Chapter 1 Introducing likelihood methods
We now return to the problem of estimating parameters of statistical models (probability distributions). Previously, we simply stated the estimators we would use, for example, for \(X\sim Bin(n, \theta)\), we just stated that our estimator for \(\theta\) would be \(X/n\), and then justified this choice. But for more complicated models, it may not be obvious what a good choice of estimator is.
We now introduce the concept of likelihood, which is an important concept in statistical theory. Likelihood can be used to find estimators for statistical models, construct confidence intervals, perform hypothesis tests, and also plays a central role in Bayesian statistics.
1.1 Recap: maximising functions
We first recap how to maximise a function, as we will shortly be maximising likelihood functions.
Suppose that \(I\subseteq\mathbb{R}\) and that we have a differentiable function \(f:I\to\mathbb{R}\). We say that a point \(x_0\) maximises \(f\) if \[f(x_0)\geq f(x)\;\text{ for all }x\in I.\] That is, if \(x_0\) is the location of the global maximum value of \(f(\cdot)\).
Two key facts:
A point \(x_0\in I\) is a turning point of \(f\) if and only if \[\frac{df}{dx}\bigg|_{x=x_0}=0.\]
A turning point \(x_0\) of \(f\) is a local maximum if \[\frac{d^2f}{dx^2}\bigg|_{x=x_0}<0. \]
If a differentiable function \(f\) has a single turning point, and this turning point is a local maximum, then it is automatically the global maximum.

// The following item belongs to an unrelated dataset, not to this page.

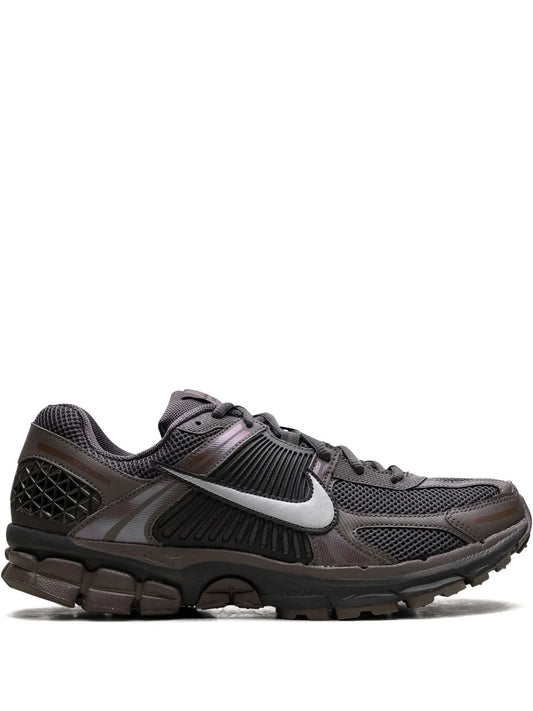 Nike Zoom Vomero 5 Cave Stone Sneakers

Example 1.1 (Maximisation of a function)
Find the value of \(\theta\) which maximises \(f(\theta)=\theta^5(1-\theta)\) on the range \(\theta\in[0,1]\).
Solution
First, we look for turning points. We have \[\begin{align*} f'(\theta) &=5\theta^4(1-\theta)+\theta^5(-1)\\ &=\theta^4(5-6\theta) \end{align*}\] So the turning points are at \(\theta=0\) and \(\theta=\frac56\). To see which ones are local maxima, we calculate the second derivative: \[\begin{align*} f''(\theta) &=4\theta^3(5-6\theta)+\theta^4(-6)\\ &=\theta^3(20-30\theta). \end{align*}\] So, \(f''(\frac56)=(\frac56)^3(20-25)<0\) and \(\theta=\frac56\) is a local maximum. Unfortunately, \(f''(0)=0\), so we don’t know if \(\theta=0\) is a local maximum, minimum or inflection. However, we can check that \(f(0)=0\), so it doesn’t matter which, we still have \(f(0)<f(\frac56)\).

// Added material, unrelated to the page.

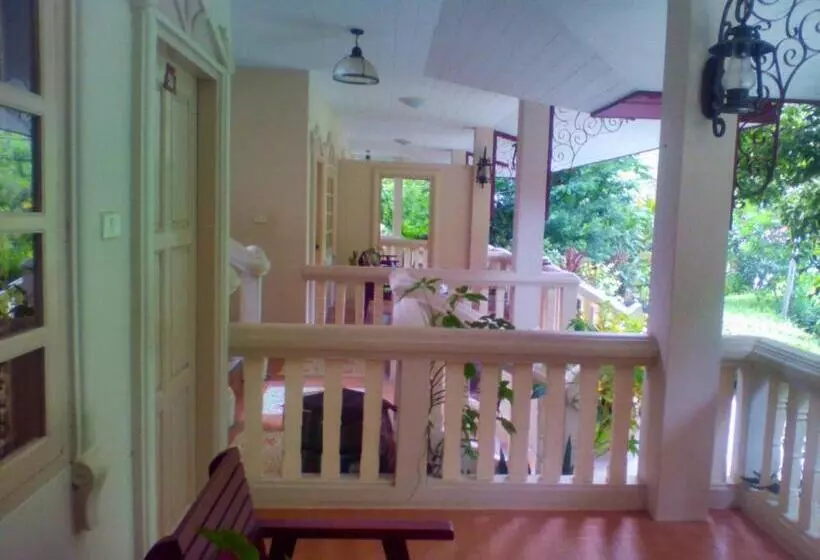اتاق سوپریور, Momchailai River Retreat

Hence, \(\theta=\frac56\) is the global maximiser.
If more than one turning point appears, we have to be more careful (and, in this course, we will approach such cases through curve sketching or by using R).
1.2 Maximum likelihood estimation: a first example
Let us first illustrate the idea with an example. Suppose that we think that it is sensible to use the Geometric distribution \(Geom(\theta)\) to model the number of times we have to roll a biased die before we get a \(6\). What we don’t know, is which value of \(\theta\) is best to use. Clearly, we must have \(\theta\in(0,1)\) because we use the Geometric distribution, but how should we choose exactly which value of \(\theta\) to use?
Since we now care about the value of the parameter(s) \(\theta\), we will write the probability mass function as \(p_X(x;\theta)\), to make the dependence on \(\theta\) explicit. In this case, the Geometric distribution has probability mass function \(p_X(x;\theta)=\theta^x(1-\theta)\).
Suppose, for now, that we have a just single item of data; we roll the die \(5\) times until we first see a \(6\). We will worry about handling multiple data points later. If we let \(X\sim Geom(\theta)\), the probability of this event is \[p_X(5;\theta)=\theta^5(1-\theta).\] This is a function of \(\theta\).
Now, here is the key idea: since we observed the value \(5\), it would make sense if we chose \(\theta\) to make \(p_X(5;\theta)=Pr[X=5]\) as large as possible. That is, we want to choose \(\theta\) so as our model \(Geom(\theta)\) is as likely as possible to reproduce the data that we actually observed. So, what it comes down to, is finding the value of \(\theta\) which maximises the function \[L(\theta; 5)=p_X(5; \theta)=\theta^5(1-\theta)\] amongst the range of possible choices of \(\theta\), in this case \(\Theta=[0,1)\). We call \(L(\theta; 5)\) the likelihood of the parameter value \(\theta\), given the data \(5\). We write the (hopefully, unique) maximiser of \(L(\theta;5)\) as \(\hat\theta\), and we call it the maximum likelihood estimator of \(\theta\), given the (single) data point \(5\). We can find \(\hat\theta\) using Example 1.1: we know that \(\hat\theta=\frac{5}{6}\).